June 14, 20266 min readInsights

the experiment nobody warned me about.

Piyush Suthar

Piyush Suthar

Writer

the experiment nobody warned me about.

the week i learned that uncertainty is just a feeling. and feelings pass.

hey. it's me again.

this week was a lot. like genuinely a lot. the kind of week where if i tried to explain it to someone in one sentence they'd just stare at me. so let's not do one sentence. let's do the whole thing.

the experiment nobody warned me about.

so here's something nobody tells you about building something for a while. there's a version of "doing something new" that you've never actually felt before. and this week, we hit that version.

we're trying things. real things. things that could completely change how getmedesign works. and the honest part is, i don't know if they'll work.

normally that sentence would scare me. this week it didn't.

because somewhere along the way i realised, uncertainty isn't actually the scary part. waiting to find out is the scary part. and once you're in the middle of trying something, the fear kind of leaves on its own. you're just doing the thing now. there's no more room left for fear. just doing.

being the person responsible for the product means i get to run these experiments. some will work. some absolutely won't. and weirdly, i'm at peace with both outcomes this time. which is new for me. i'll take it.

the call that made the whole week worth it.

okay so this. this is the part i actually want to talk about.

i got on a call this week with someone who's been using getmedesign on the $9 plan. and he told me something that genuinely stopped me for a second.

he turned that $9 into a $1,200 client.

real client. real project. real money. and when i showed him the new version we're building, his exact reaction was "dude, what magic are you creating?"

i laughed when he said that. mostly because from where i was sitting, it didn't feel like magic at all. it felt like a tuesday. but i guess that's the thing, what feels small to you can feel huge to someone else. and you don't always get to see that unless someone tells you.

i'm going to write his full story separately because honestly he deserves his own post. but here's the one line that stuck with me from that call. minimum effort, maximum output, when the effort is pointed in the right direction.

that's it. that's the whole thing we're trying to build. not "work harder." just point your effort at the right door, and the door opens easier than you thought.

moments like this are why the 120 hour weeks feel worth it. more on that next.

120 hours. one headache. zero regrets (mostly).

so yeah. this week was a 120 hour week. for me. and honestly for most of the team too.

ideas were flowing like water. tech was breaking like a waterfall. (i promise that joke is funnier if you've actually shipped software under pressure.)

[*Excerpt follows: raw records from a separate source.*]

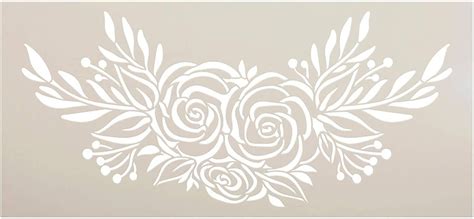 Rose Bouquet Stencil by Studior12 DIY Rustic Flower Lover - Etsy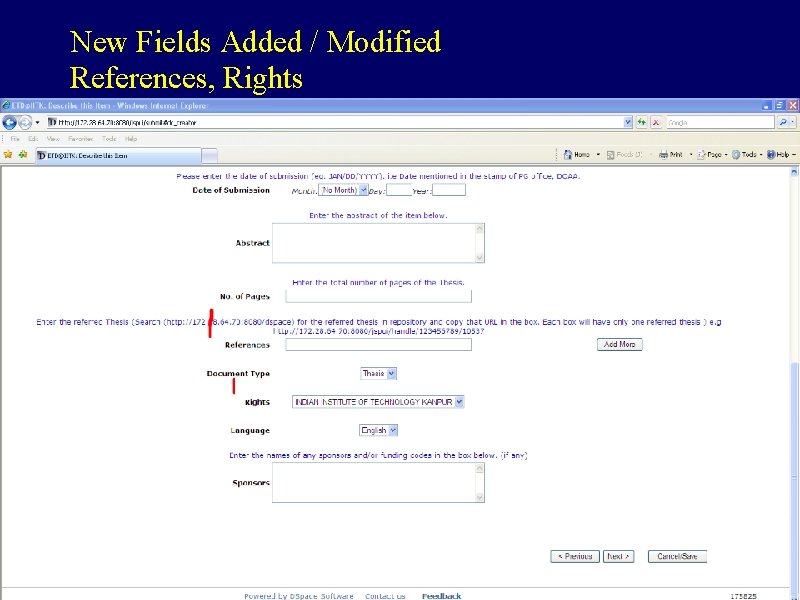 New Fields Added / Modified References, Rights 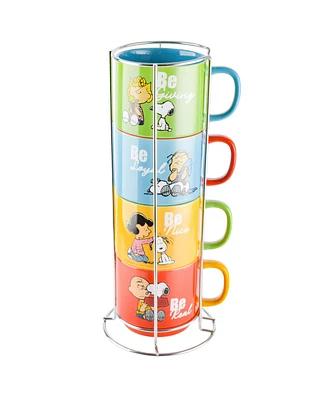 Peanuts 4 Pack 15 Oz Stackable Mugs with a Rack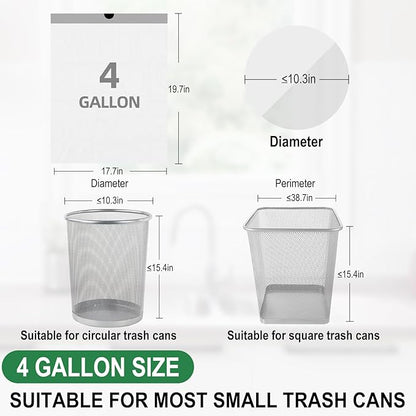 300 Counts 4 Gallon Trash Bag Drawstring Small Trash Bags, Thick Pre-separated Garbage Bags, Trash Bin Liners, Suitable for bathroom, kitchen, bedroom, office (White)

my body, however, did not find it funny. headaches. back pain. the whole "i should really have a routine" thought that visits me at 2am and quietly leaves by 9am when i'm already back at it.

but here's the thing. when you're trying to move at the speed we wanted to move this week, routine kind of breaks. not because you don't want one. because the moment demands something else from you for a little while.

i'm not saying that's sustainable forever. it's not. and that's exactly why,

i told the team to take a proper break after launch.

not because they weren't committed. the opposite, actually. it's because of how committed they've been that they need it. they are the reason getmedesign exists in its current form. they've earned the rest, and i'm making sure they actually take it instead of just saying they will.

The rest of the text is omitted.